1. ## integrals

Hi everyone,

Could you please tell me if the antiderivative of e^2x is e^2x/2 and if 2e^2x is e^2x/2? I got both of these answers by doing the opposite of taking the derivative. For example, the derivative of e^2x is e^2x(2), so wouldn't the antiderivative be e^2x/2?

Thank you very much

2. Originally Posted by chocolatelover
Hi everyone,

Could you please tell me if the antiderivative of e^2x is e^2x/2 and if 2e^2x is e^2x/2? I got both of these answers by doing the opposite of taking the derivative. For example, the derivative of e^2x is e^2x(2), so wouldn't the antiderivative be e^2x/2?

Thank you very much
how can the antiderivative of $\displaystyle \frac 12e^{2x}$ be the same as that of $\displaystyle 2e^{2x}$? won't they differ by a factor of 4?

$\displaystyle \int e^{2x}~dx = \frac 12 e^{2x} + C$

we can get this, as you say, by reversing the differentiation operation. or the more standard way to do it is by a substitution of $\displaystyle u = 2x$. in addition, it is simple enough (if memorizing something is simple for me, it means it's simple, my memory is horrible) to memorize $\displaystyle \int e^{kx}~dx = \frac 1k e^{kx} + C$, where $\displaystyle k$ is a constant, and $\displaystyle k \ne 0$

now what do you think $\displaystyle \int 2e^{2x}~dx$ is?

3. You can also memorize the rule that if $\displaystyle F(x) +C= \int f(x) dx$ then $\displaystyle \int f(ax+b) dx = \frac{1}{a}F(ax+B)+C$ if $\displaystyle a\not = 0$.

4. Originally Posted by ThePerfectHacker
You can also memorize the rule that if $\displaystyle F(x) +C= \int f(x) dx$ then $\displaystyle \int f(ax+b) dx = \frac{1}{a}F(ax+B)+C$ if $\displaystyle a\not = 0$.
You must be forgetting about linear functions. Why would you divide by the constant a in that case?

5. What are you taking about?

6. Originally Posted by colby2152
You must be forgetting about linear functions.
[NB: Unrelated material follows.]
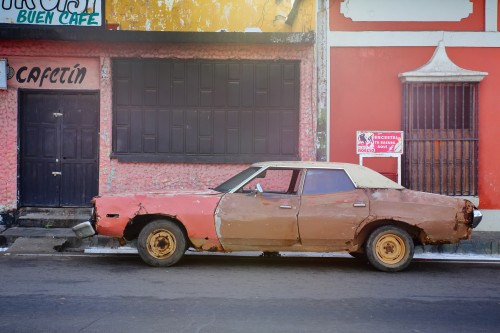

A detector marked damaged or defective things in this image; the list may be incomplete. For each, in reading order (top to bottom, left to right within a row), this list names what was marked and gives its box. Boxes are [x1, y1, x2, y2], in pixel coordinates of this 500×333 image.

rusty old car [72, 161, 482, 272]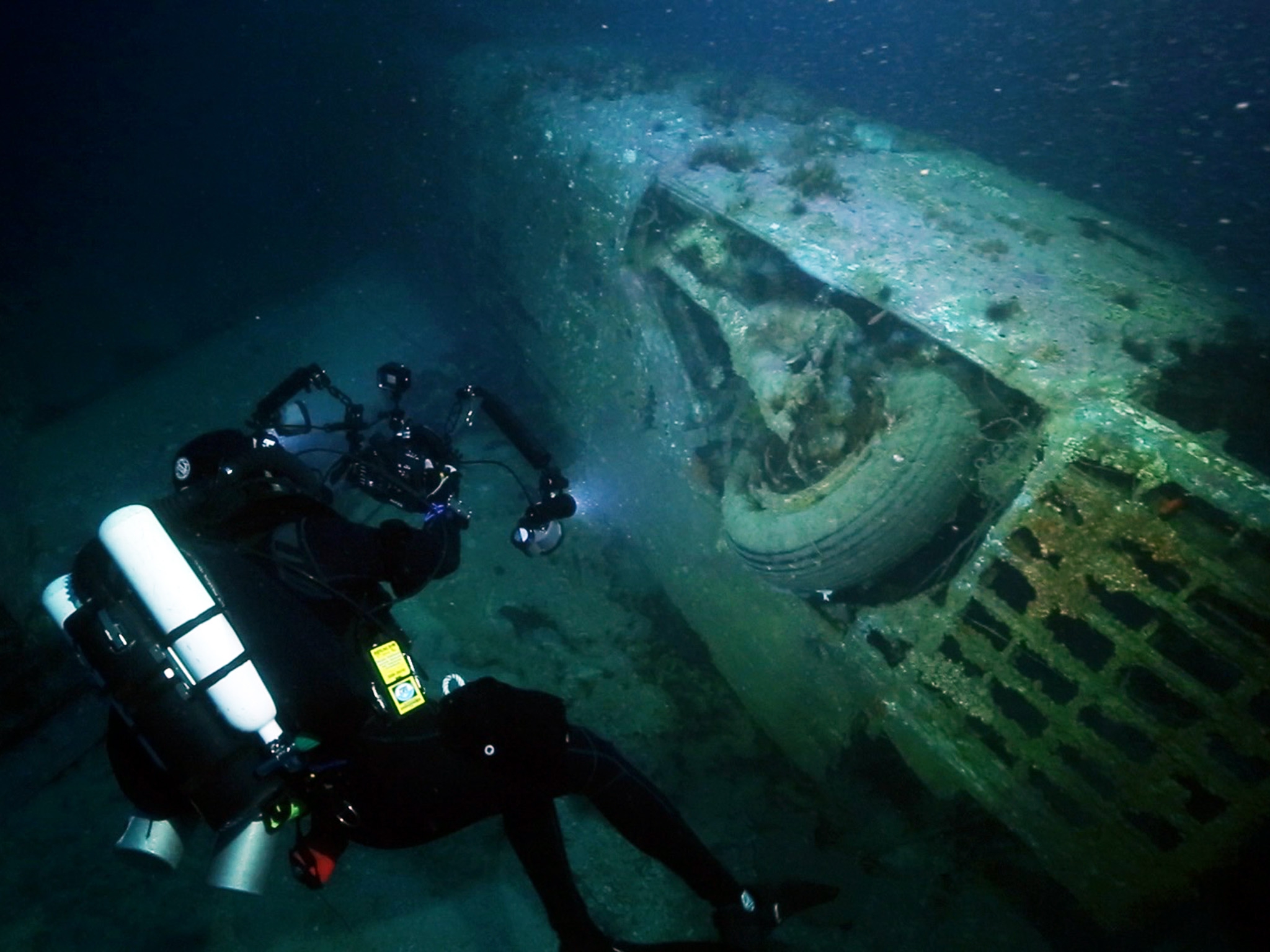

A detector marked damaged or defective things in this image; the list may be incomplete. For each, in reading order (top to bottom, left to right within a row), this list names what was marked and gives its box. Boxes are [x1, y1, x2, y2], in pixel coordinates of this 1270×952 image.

Why would you divide by the constant a in that case?
he is talking about linear functions. his conclusion follows by integration by substitution. that's how i do it as well. whenever i have a composite function in which the inner function is linear, i don't go through the trouble of integrating by substitution, i just know the integral will be the integral of the whole function divided by the derivative of the inner function--pretty much the direct opposite of the chain rule for derivatives (which is what the method of substitution models in general)
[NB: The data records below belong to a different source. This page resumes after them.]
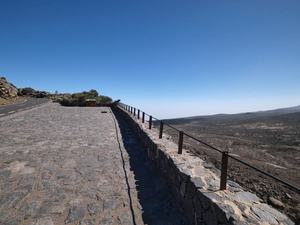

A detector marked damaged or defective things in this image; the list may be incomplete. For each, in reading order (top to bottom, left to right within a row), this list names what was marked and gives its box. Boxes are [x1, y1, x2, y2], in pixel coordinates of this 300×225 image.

rusty metal railing [116, 103, 300, 192]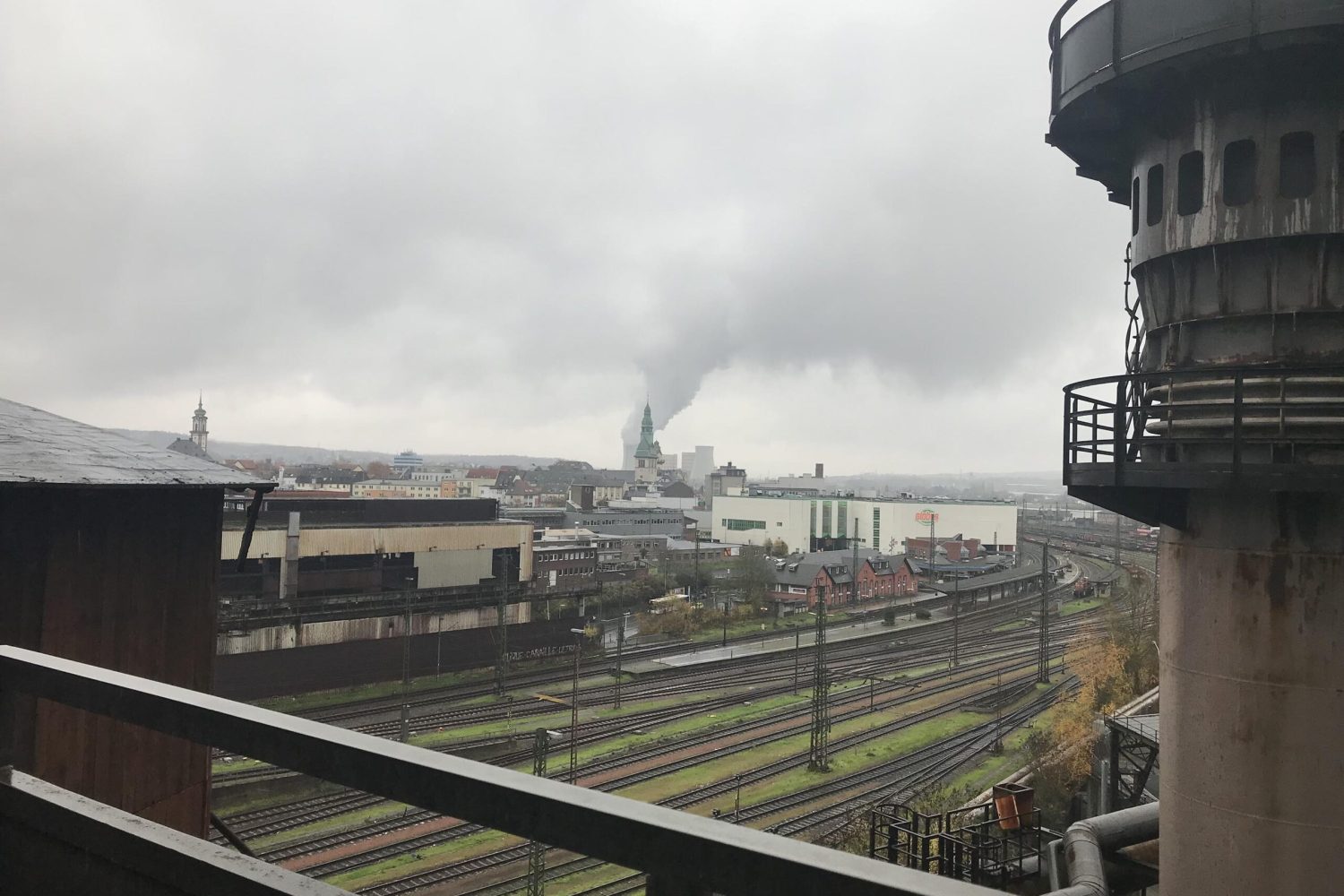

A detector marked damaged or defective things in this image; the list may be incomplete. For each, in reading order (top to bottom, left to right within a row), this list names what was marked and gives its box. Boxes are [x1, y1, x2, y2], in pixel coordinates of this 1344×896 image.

rusted steel structure [1054, 3, 1344, 892]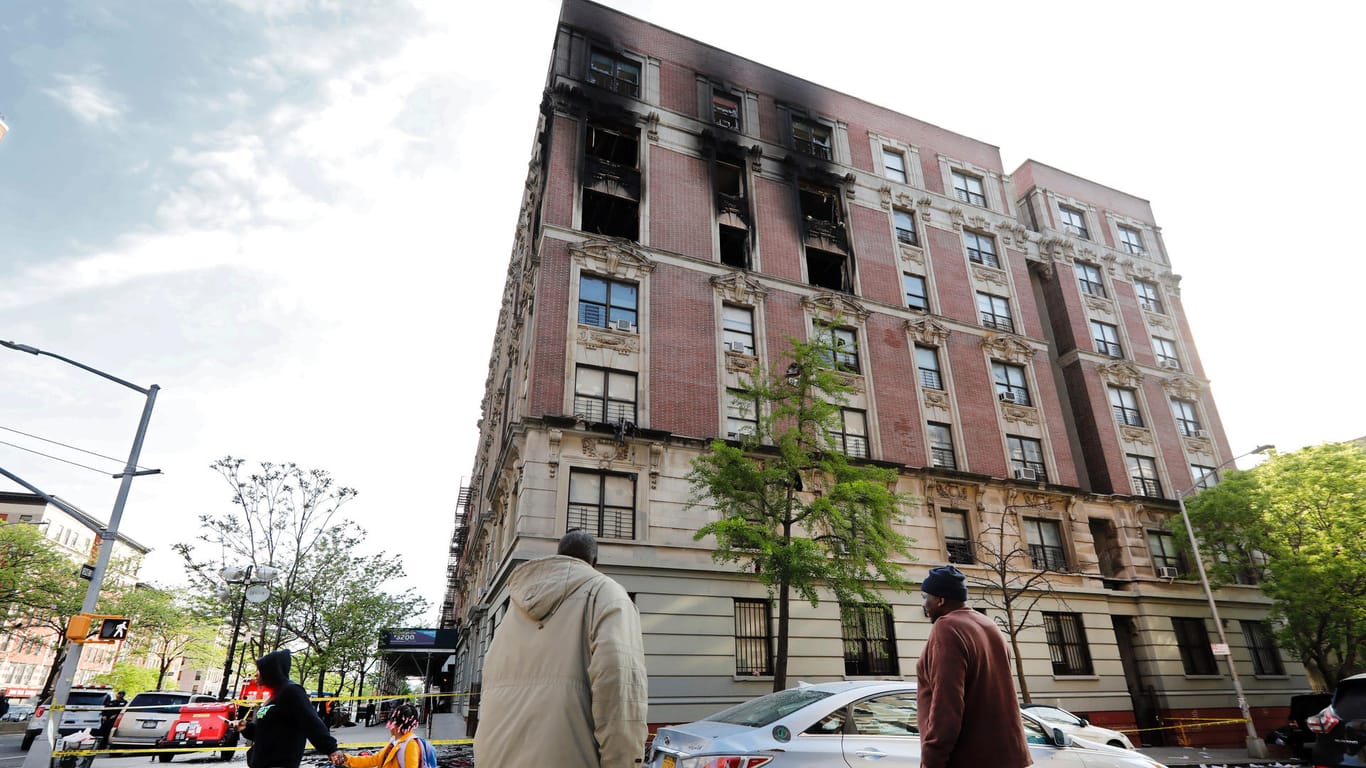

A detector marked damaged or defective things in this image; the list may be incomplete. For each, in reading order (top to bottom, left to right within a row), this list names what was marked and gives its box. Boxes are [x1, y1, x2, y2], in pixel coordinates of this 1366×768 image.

broken window [587, 48, 639, 97]
charred window opening [579, 117, 636, 239]
broken window [579, 117, 636, 239]
charred window opening [715, 151, 748, 267]
fire-damaged facade [442, 0, 1305, 743]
7. Originally Posted by ThePerfectHacker
Your rule fails if you let f(x) = x.

8. Originally Posted by colby2152
Your rule fails if you let f(x) = x.
How?

$\displaystyle \int x dx = \frac{1}{1}F(1x+0)+C$ where $\displaystyle F(x) = \int xdx = \frac{1}{2}x^2$.

9. Originally Posted by ThePerfectHacker
How?

$\displaystyle \int x dx = \frac{1}{1}F(1x+0)+C$ where $\displaystyle F(x) = \int xdx = \frac{1}{2}x^2$.
Let a = 2, so $\displaystyle F(2x) = 2x^2$... so unless I am mistaken your rule would give an answer of just $\displaystyle x^2$

10. Originally Posted by colby2152
Let a = 2, so $\displaystyle F(2x) = 2x^2$... so unless I am mistaken your rule would give an answer of just $\displaystyle x^2$
You are mistaken.
$\displaystyle \int (2x) dx = \frac{1}{2}F(2x)+C$ where $\displaystyle F(x) = \int x dx = \frac{1}{2}x^2$.
Thus,
$\displaystyle \frac{1}{2}F(2x) = \frac{1}{2}\cdot \frac{1}{2}(2x)^2 = x^2$